• [TASK]
Reproduce the material below only from the line with "McKesson Sterilization Steam" to the line with "Under Armour Мъжка", both included, keeping each line exact and dropping the pictures.

• [DATA RECORDS]
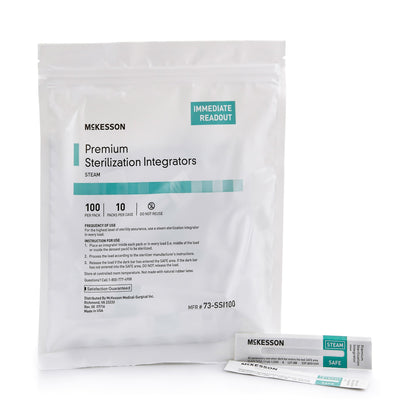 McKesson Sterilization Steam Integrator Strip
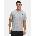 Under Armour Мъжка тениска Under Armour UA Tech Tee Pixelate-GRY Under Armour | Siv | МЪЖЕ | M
---
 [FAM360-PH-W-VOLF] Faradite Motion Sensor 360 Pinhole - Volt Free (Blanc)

• [ANSWER BOX]
 McKesson Sterilization Steam Integrator Strip
 Under Armour Мъжка тениска Under Armour UA Tech Tee Pixelate-GRY Under Armour | Siv | МЪЖЕ | M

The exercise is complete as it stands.